The new Grande Bailo of Treviso is enriched with four rooms

The new Bailo is expanding. Four new rooms have been added to the existing museum itinerary, reserved for as many protagonists of 20th-century Venetian painting: Alberto Martini, Nino Springolo, Lino Selvatico and Giovanni Barbisan. «Our intention is that – highlight the mayor Mario Conte and the councilor for culture Lavinia Colonna Preti – to present, with a carefully selected nucleus of works, 4 artists who in the previous system were only “mentioned”, starting with the ” another Martini”, the opitergino Alberto. Extraordinary artist for technical ability and visionary, one of the greatest Italian artists of the last century, the Italian symbolist par excellence. For the preparation of the new Sala Alberto Martini we asked for, and generously obtained, the collaboration of the Municipality of Oderzo and the Oderzo Cultura Foundation: a warm thank you to the mayor, Maria Scardellato, to the president, Maria Teresa De Gregorio, and to the director Filippo Maria Cover”.

«In anticipation of the celebrations, in 1924, of the centenary of the death of Alberto Martini – adds Fabrizio Malachin -, the Foundation granted a truly significant group of works for the Sala Martini, starting with the great “Self-Portrait”. In the Room you will also be able to admire 23 ink on cardboard of the famous illustrations of the “Divine Comedy”, 18 illustrated postcards dedicated to the theme of the “Danza Macabra”, a group of the artist’s work tools, together with the heritage works of the Civic Museums Trevigiani: the 7 pastels entitled Fantasie al sole, evidence of a symbolism nourished by literature, and L’esprit travaille, an interior self-portrait painted in the ‘black manner’, a very notable example of the Parisian period».

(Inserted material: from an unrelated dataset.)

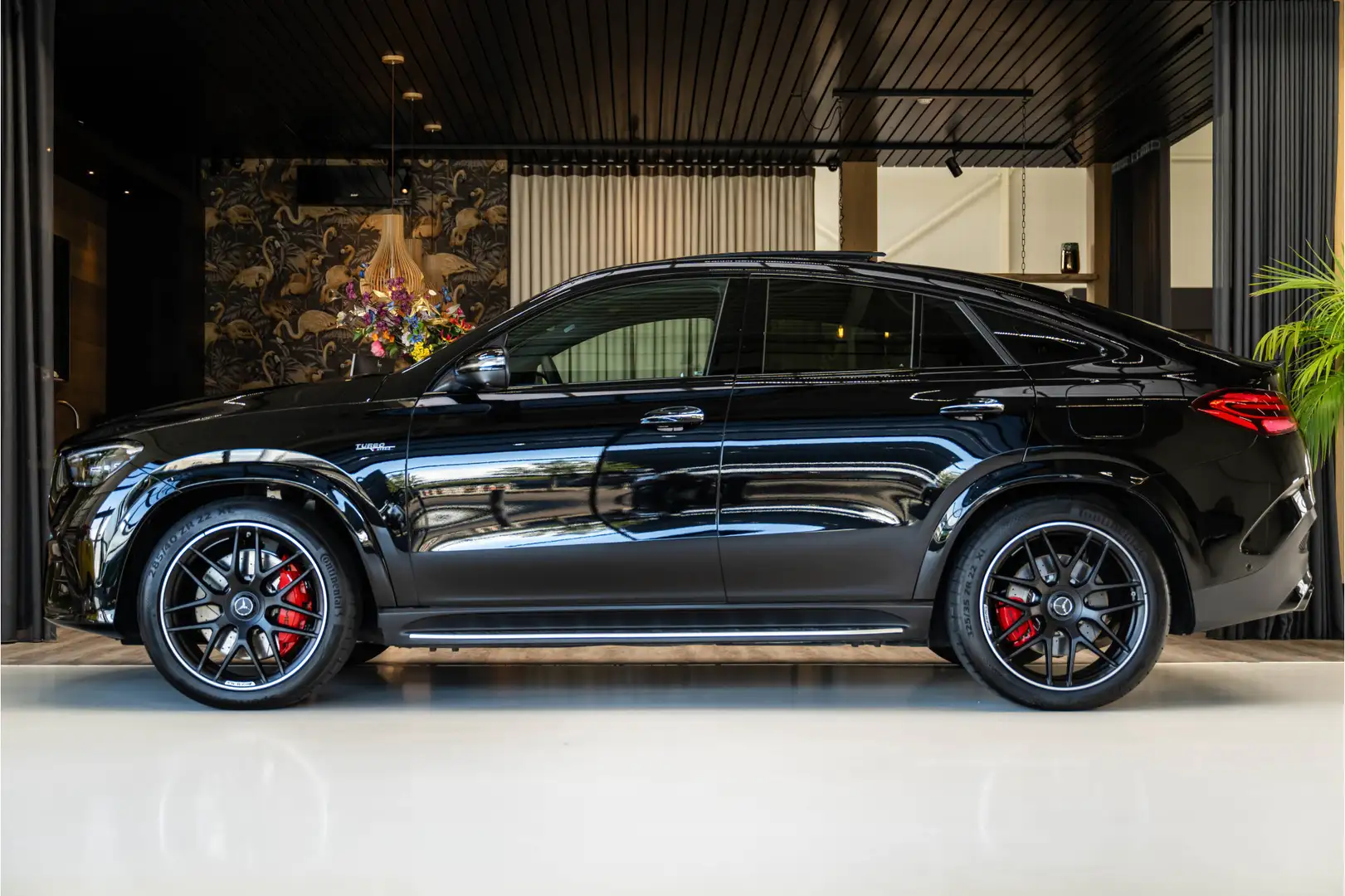 Mercedes-Benz GLE 53 AMG Coupé Hybrid 4MATIC+ | Massage | PANO | Burmester Noir - 2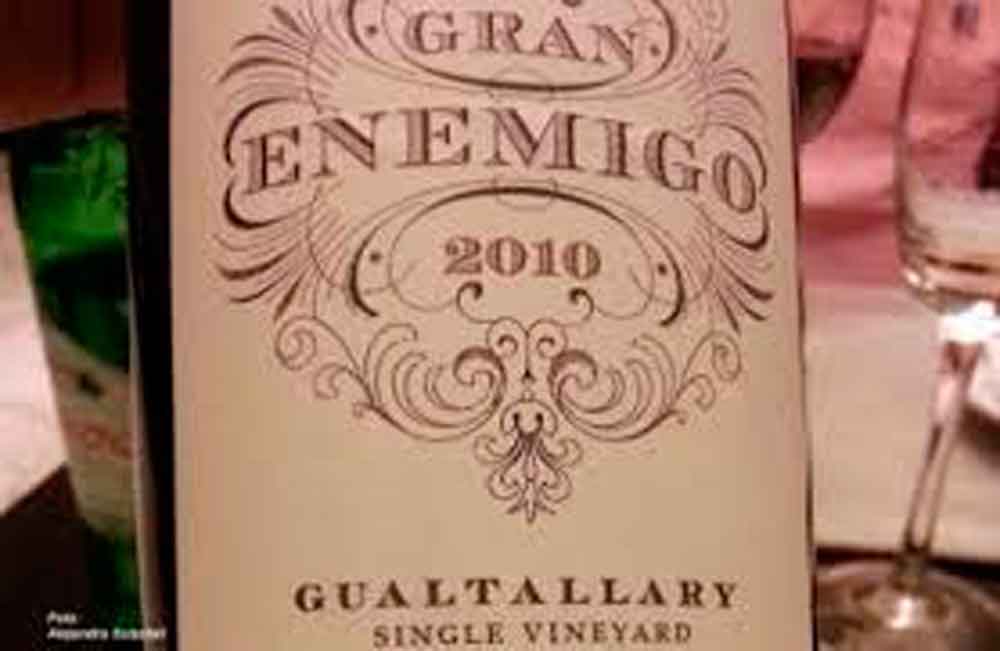 Al gran Cabernet Franc... ¡salud! saboresquematan.net/al-gran-cabern… #FoodFlock @FabriPortelli @alevigilmalbec @CatenaMalbec #CabernetFranc #GranEnemigoSingleVineyardGualtallaryCabernetFranc2013  #AdriannaCatena #Parker #VinosdeArgentina #WinesofArgentina #Mendoza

If the symbolist artists tried to overcome the pure appearance of things, finding a link between objective data and subjective feelings, thus trying to rediscover the spirituality that exists in harsh reality but is part of the realm of the invisible, with the other protagonists one enters in a different sphere from the return to order to the observation of natural data.

The Room reserved for Nino Springolo (1886 – 1975) thus brings together important works by the master, mainly focused on two strands: portraits and landscapes. With masterpieces such as the “Sile alla Fiera” of 1939, or “The river in spring” of 1928, a spectacular sequence of views of the Sile opens, to then move on to portraits: “Piero” of 1923, “Gemma” of 1941, etc. An in-depth monographic exhibition is also planned for Springolo in 1924.

The recently received donation of works and testimonies by Lino Selvatico (1872 -1924) will find space in the Room dedicated to him. It will be documented more extensively in the monograph that will be announced to the Venetian artist for the coming months, presenting him as one of the most sought-after and refined portrait painters in the wake of Giovanni Boldini, Corcors, Lavery. Thanks to the donation, the masterful “Portrait of Teresita Lorenzon”, heritage of the Civic Museums, will be extraordinarily accompanied by her oil sketch and two other important paintings.

Even Giovanni Barbisan (1914 – 1988) forcefully returns to the staging of the Bailo with large and scenographic works. First of all the fresco that saw him as protagonist at the 1936 Biennale for the fresco section, Our best friends are the rural people, but also the large canvas with a Fascist martyr, and then two Self-portraits from 1937 and from the 1950s. Some magnificent still lifes also represent it, one of which is a fresco. The Bailo thus enriches the permanent section through 4 protagonists of the art who took their first steps from Treviso.